陳鈺瑩睡意上頭,意識朦朧間突然感覺床前似乎有人,猛地睜開眼睛一看,差點兒被嚇得從床上跳起來。

千葉沒有離開,正像塊木頭似的杵在床頭。

「姐姐啊……」

她嚇得聲音都抖了,拍了拍胸口,正想嗔怪幾句,千葉皺著眉頭開口說:「我想問你一件事……」

門鈴響了一遍又一遍,客廳的窗帘封閉,一絲光線都未透過,液晶電視的大屏幕無聲地閃動著,冷掉的咖啡靜悄悄地擺放在餐桌上。

卧室的房門緊閉。

門鈴持續響了一分鐘後終於停止了。

客廳重新恢複了靜謐。

大約過了三分鐘,客廳的座機電話和門鈴同時響了起來,卧室的門終於打開了,穿著睡衣的Ivan眯著眼走了出來,順手拎起了電話:「喂……」

「開門——」話筒里傳來的吼聲幾乎與公寓樓下同步。

Ivan僅存的一點兒朦朧睡意頓時消失得無影無蹤,扔下電話打開了樓下大門,沒多久,只聽樓梯道上一陣急促的腳步聲逼近,Ivan站在門口驚訝地目睹自己的弟弟放棄乘坐電梯,憑藉雙腿跑上了八樓。

「Adrian,你的晨練真是頗有新意……」

一口氣爬上八樓的清晨喘著粗氣,不等Ivan把話說完直接撲上來一把揪住他的衣領:「你對千葉做了什麼?這一次你又打算玩什麼花樣?」

比起Ivan,清晨的身材雖然看上去比較瘦弱,但他的力氣卻一點兒不弱。突如其來的衝擊,Ivan險些被他勒得喘不工氣來:「松……手!」他用雙手抓住清晨的手腕,用力將他的手拉開。
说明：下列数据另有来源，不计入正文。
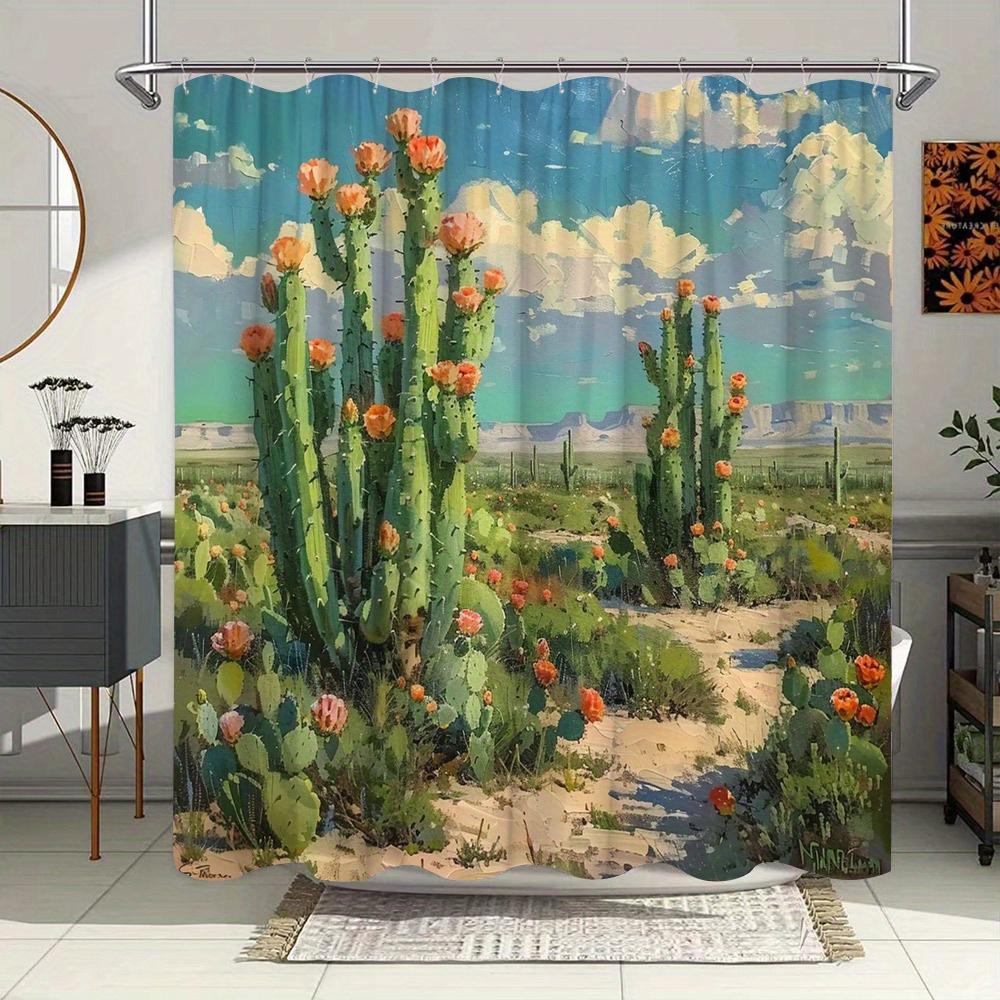 Desert Bloom Cactus Landscape Waterproof Shower Curtain for Bathroom Decor with Stylish Design and Durable Material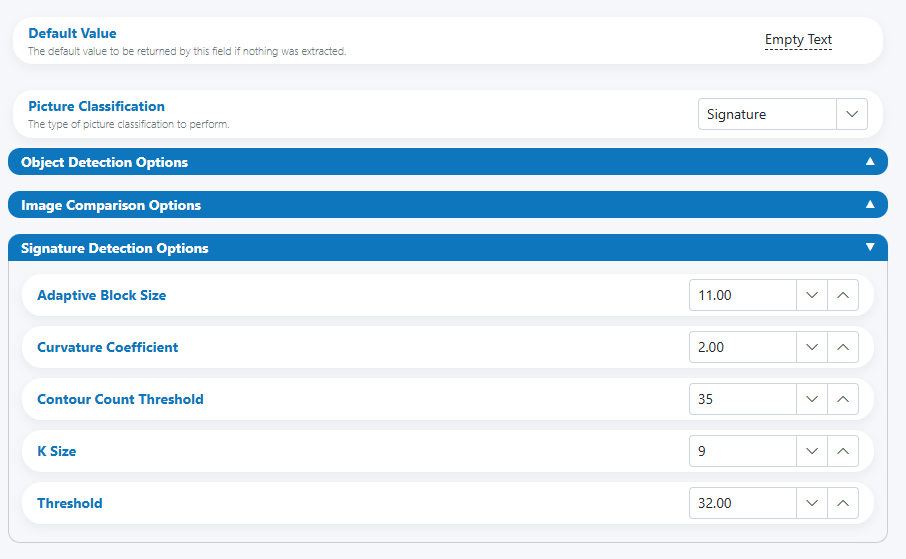 Picture — signature detection options
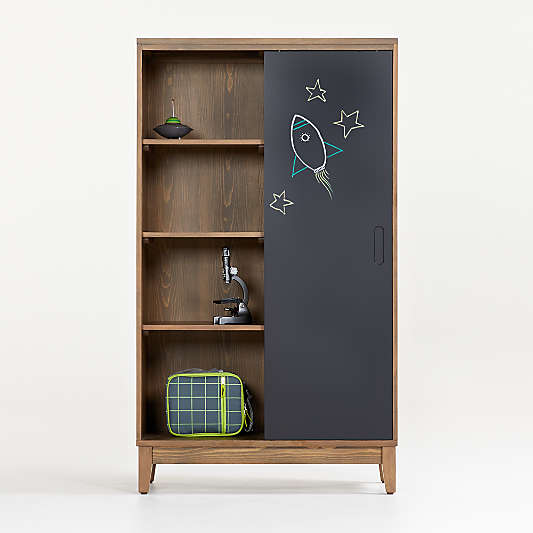 Cocoa Wood 4-Shelf Kids Bookcase with Chalkboard Door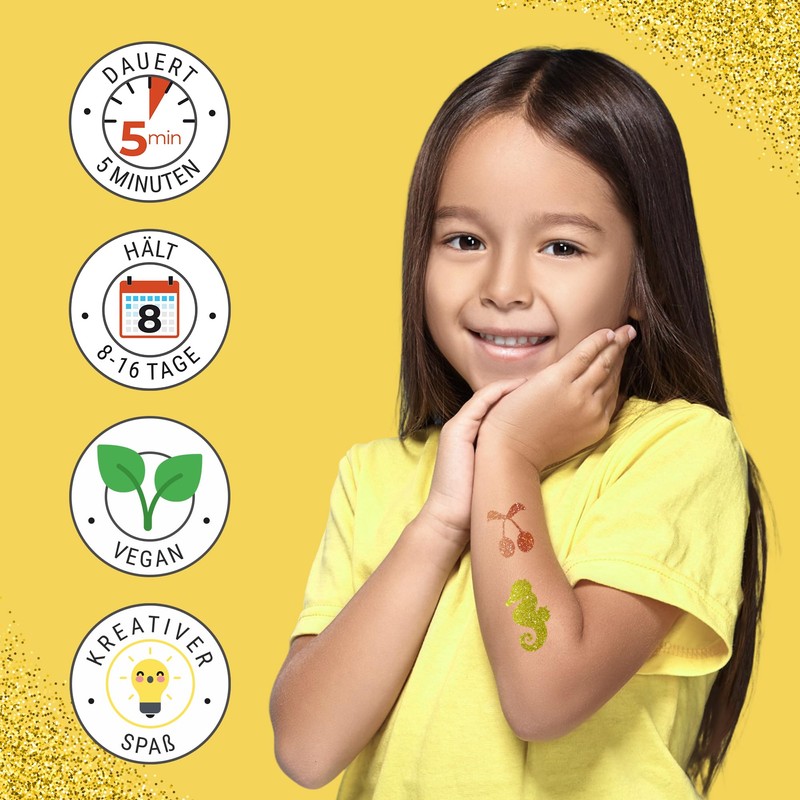 My First Glitter Tattoo - Glitter Tattoo Set for Girls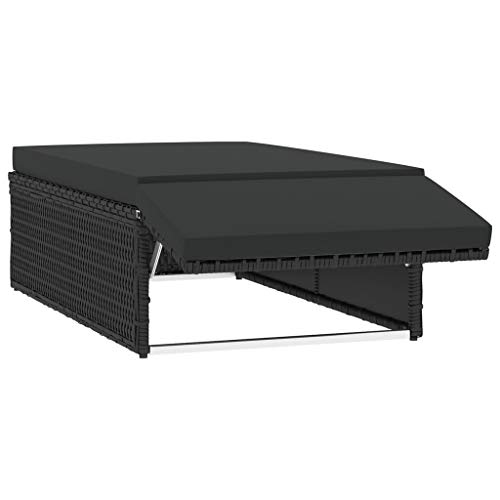 Tidyard Gartensofa 2 Sitzer Poly Rattan mit Auflage und Klappbare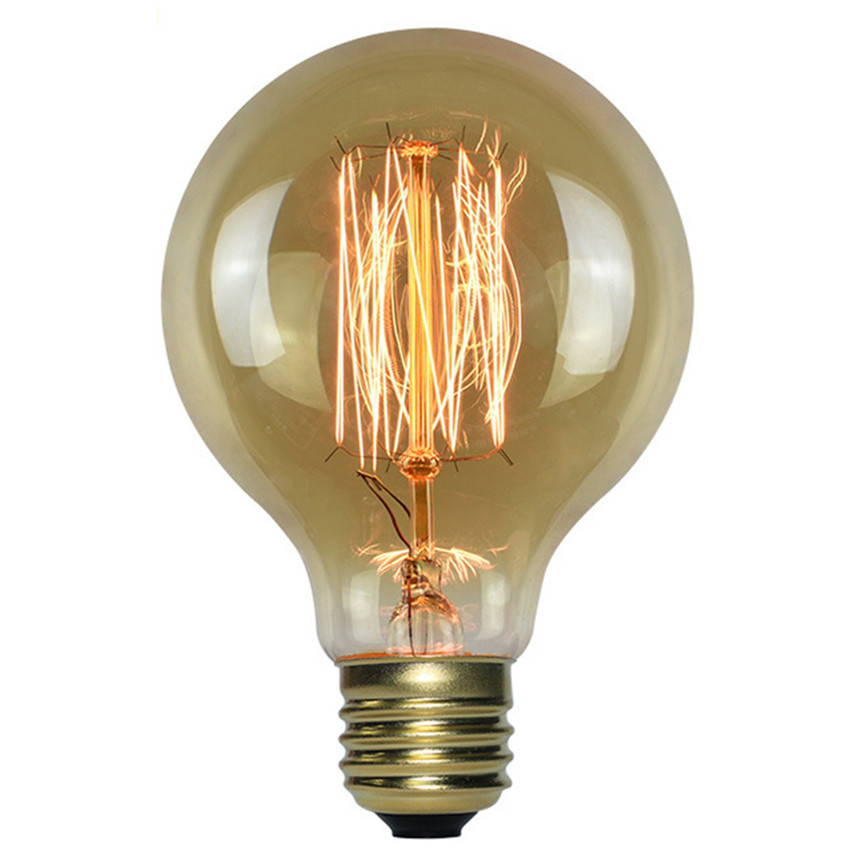 G-80 Squirrel cage Nipple Stars Filament Tungsten Light Bulbs Antique  Amber Glass 40 watt G80 Led Lamp Vintage Edison lamps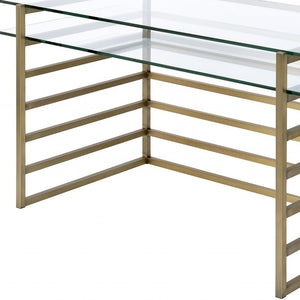 Homeroots 28" Clear And Gold Glass Mirrored   347509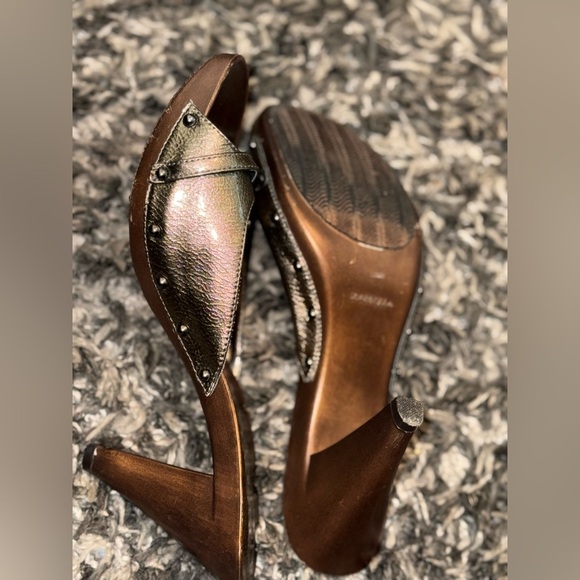 Xappeal Metallic Gold Mules with Button Detail - Picture 9 of 12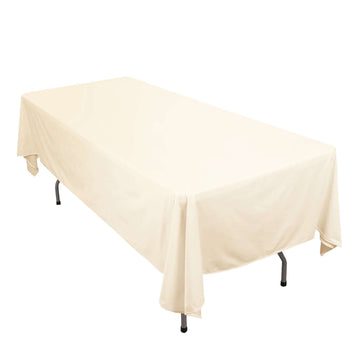 Premium Scuba Rectangular 60"x102" Tablecloth Beige - Wrinkle Free & Stain Resistant Table Cover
清晨紅了眼圈:「你不能這麼做,你已經毀了我一次,你不能再毀我第二次。你明知道千葉對我來說有多重要,你不能這麼做……」

「夠了!Adrian!」Ivan的臉色非常難看,厲聲喝住弟弟的同時,將他一把從走廊里拽進房間,然後甩手砸上門。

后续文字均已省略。